To be honest I don't even understand the full story and I'm 23!

Whilst the BBC is to be applauded for its damage limitation - a statement both on the website and on the show itself, and the introduction of a new cat to be christened with the original winning name -some doubts still surround whether 'Cookie' was in fact the name which the crew carefully side-stepped.

Certain sources, including The Sun, have suggested that the winning name had in fact been 'Pussy'.

This version of events does lend itself more to understanding why the production team avoided using the viewers' choice.

Furthermore, as an student whose friends' courses have often seemed to involve 'modules' of sofa-hogging, daytime television endurance, and wasting free mobile-phone minutes, it does not take a great stretch of the imagination to understand how, had 'Pussy' been an option available to voters, the innuendo-ridden name may have quickly become the favourite.

If this was in fact the case, then why on earth was 'Pussy' ever even an option?!

Whilst Blue Peter has arguably very successfully moved with the times, and shed all suggestions of its quaint, twee beginnings, surely some degree of responsibility and decorum must remain with regards to such potential vulgarity? Children these days grow up far too quickly. They are regretfully audience to all manner of adult language, imagery and humour. Blue Peter has always struck me as a haven away from the harsher edges of reality.
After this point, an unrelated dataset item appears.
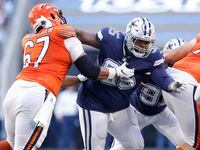 Defensive tackle Johnathan Hankins (95) agreed to a one-year deal with the Dallas Cowboys on...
Like a straight-laced and well-educated, yet energetic and wordly nanny, the show should be there to highlight all the fun and nice elements of being a child, rather than rush children hurriedly into adulthood in the way that many other areas of the media do.

Charly Lester

An Introduction To The Blogger

Hello and welcome to 'One I Wrote Earlier'.

My name is Charly Lester, and I'm a whole two days into a MA course in Broadcast Journalism at the University of Westminster.

Like most of my generation I've aspired to becoming a Blue Peter presenter as long as I can remember (suddenly the blog name begins to make sense!).

However it's not just the funky badges and amazing holidays which appeal to me.

Despite having reached the ripe old age of 23, I am still fascinated by children's television, radio, books and magazines.

Furthermore, I find the ever-increasing supply of other media available to children astonishing.

Finally, I think it is important to keep in mind those sources of media accessible by children which are not necessarily targetted towards them as an audience.

I plan to use these pages as a voice-box for my ideas and opinions of children's media.

I like to think I can understand children -

Since the age of 13 I have been a Brownie Leader, and have also helped with Scouts, Beavers, Guides and Rainbows.

At 16 I worked as a Children's Birthday Party Host at a Bowling Alley.

During Sixth form I worked as a Children's Party Entertainer, dressing up each weekend as a fairy/ princess/ astronaut/ cowgirl / pirate, etc etc.

In my Gap Year I taught English to 3-8 year olds in a remote Chinese province.

Finally, since the age of 14 I have worked on local and hospital children's radio stations.

In 1999 I was asked to speak at a House of Lords Select Committee Meeting on the topic of children's media.

I believe that the best way to communicate with children is to talk to them as equals, and to be a honest and open with them as possible.

I also believe children learn best from doing.

I think it is imperative that from an early age children have exposure to, and the opportunity to try, a infinite variety of different activities, challenges and skills.

Finally, as adults I think we're all responsible for the lessons which we inadvertantly teach youngsters, be this through our own behaviour as role models, or as a result of the imagery and information which we enable them to access and digest.

Over the course of this blog I will debate and disect current affairs in the children's media.

I will look at topics and influences of relevance to kids, and seek to find out whether we all look back at the television we watched as children with rose-tinted glasses, or whether the quality of children's media has in fact changed, for better or for worse.